== Problem details ==
Taking the data below, please print only the lines from the line holding "Today is the" to the line holding "It seems this", inclusive, with pictures omitted.

=-=-=-=-=

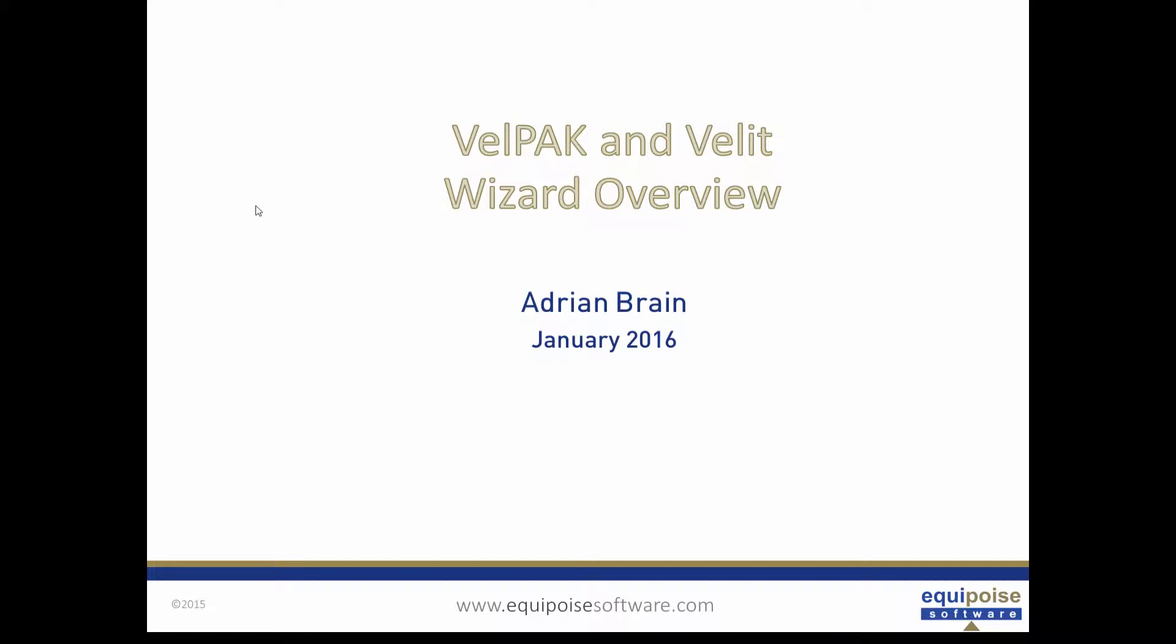This webinar gives a brief overview of the wizard feature available in the Kingdom VELPAC 2016 release. We'll be looking at one aspect of the wizard in a live demo to give you a flavor of how the wizard works. The wizard makes it very easy to explore the data within your VELPAC model.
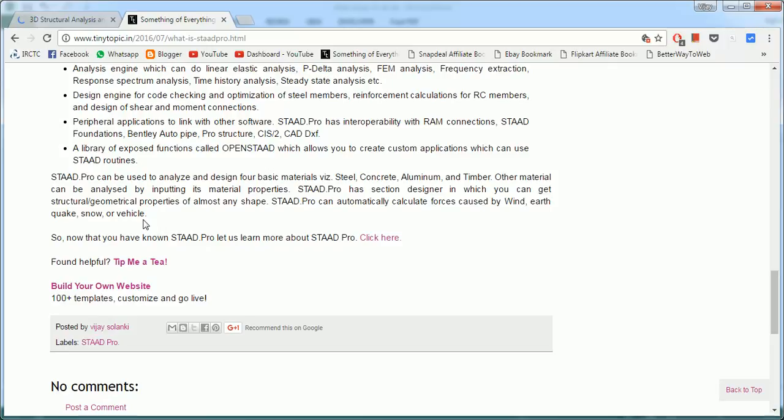STAAD Pro has inbuilt section designer in which you can design any type, you can make any type of parametric section to analyze and design the set. This is STAAD Pro. In the later on videos we will learn step by step about STAAD Pro. Thank you.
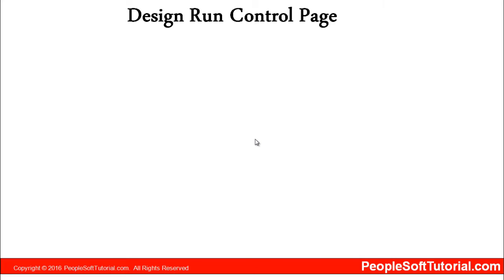This topic we will cover in two parts. Part 1 we will create a run control page without parameters. Part 2 which will be more complex in comparison to part 1 where we will create a run control page and pass parameters. Those parameters will be utilized in application designer for an application engine.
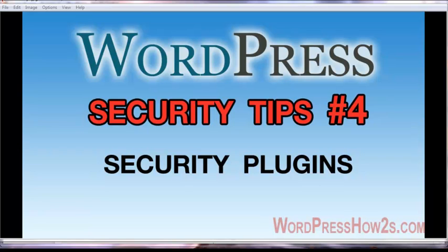Hey guys, it's Mike of WordPress How-To's and today's video number four of my WordPress security tips videos. This one's concerning security plugins.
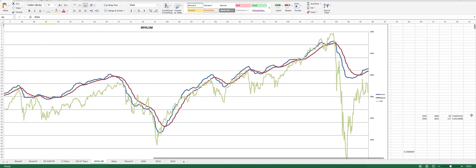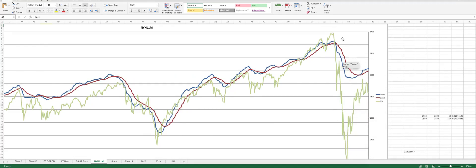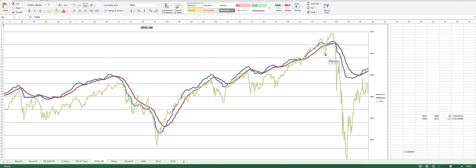The NIL 1M core indicator is actually very simple. The green line is SPX, the blue line is the cumulative value of the NIL 1M, and the red line is the 19-period EMA. When the blue crosses below the red we have a sell signal; when blue crosses back above the red we have a buy signal. This is the core indicator we track in the room.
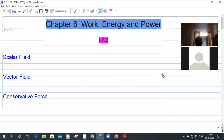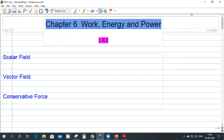Today is the second lecture on this chapter — work, energy, and power. Any questions from last time? The balance sheet for work energy has been shared, and students confirm they have looked at it.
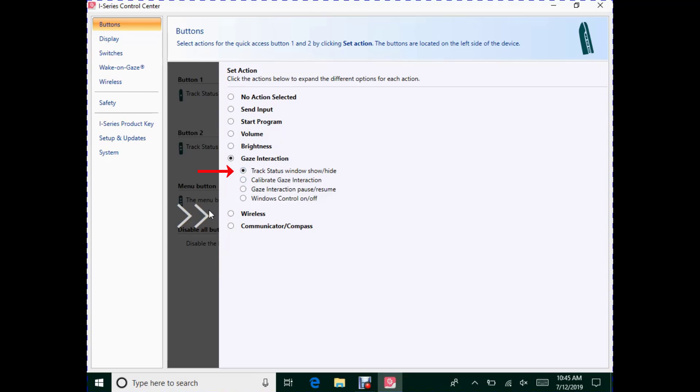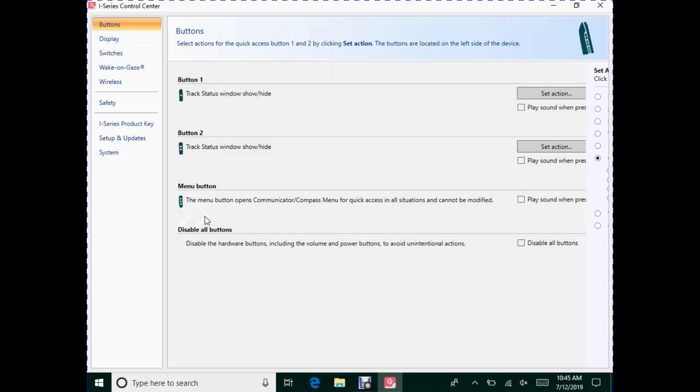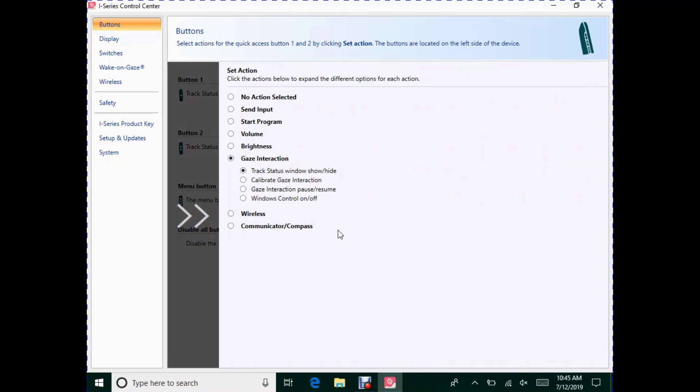Hit the Arrows to go back and select the action for Button 2. The next most used is the Gaze Interaction Pause Resume.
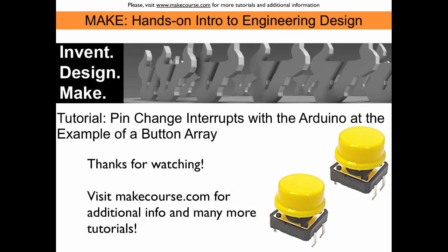It seems this worked nicely. So this concludes our tutorial about pin change interrupts with the Arduino. Thanks for watching.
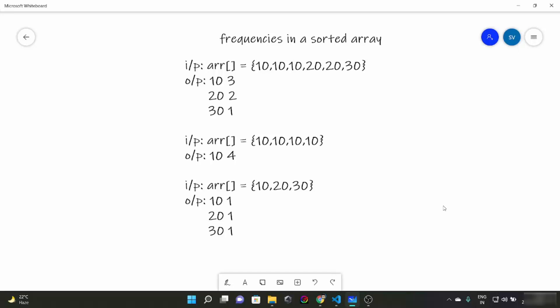Hello everyone, today we are going to look at another problem in our array series called frequencies in a sorted array. This question gives us an array with elements in sorted order, like 10, 10, 10, 20, 20, 30. We have to find the frequency of every element — for example, 10 appears 3 times, 20 appears 2 times, and 30 appears once.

=-=-=-=-=

== Written solution ==
Today is the second lecture on this chapter — work, energy, and power. Any questions from last time? The balance sheet for work energy has been shared, and students confirm they have looked at it.
Hit the Arrows to go back and select the action for Button 2. The next most used is the Gaze Interaction Pause Resume.
It seems this worked nicely. So this concludes our tutorial about pin change interrupts with the Arduino. Thanks for watching.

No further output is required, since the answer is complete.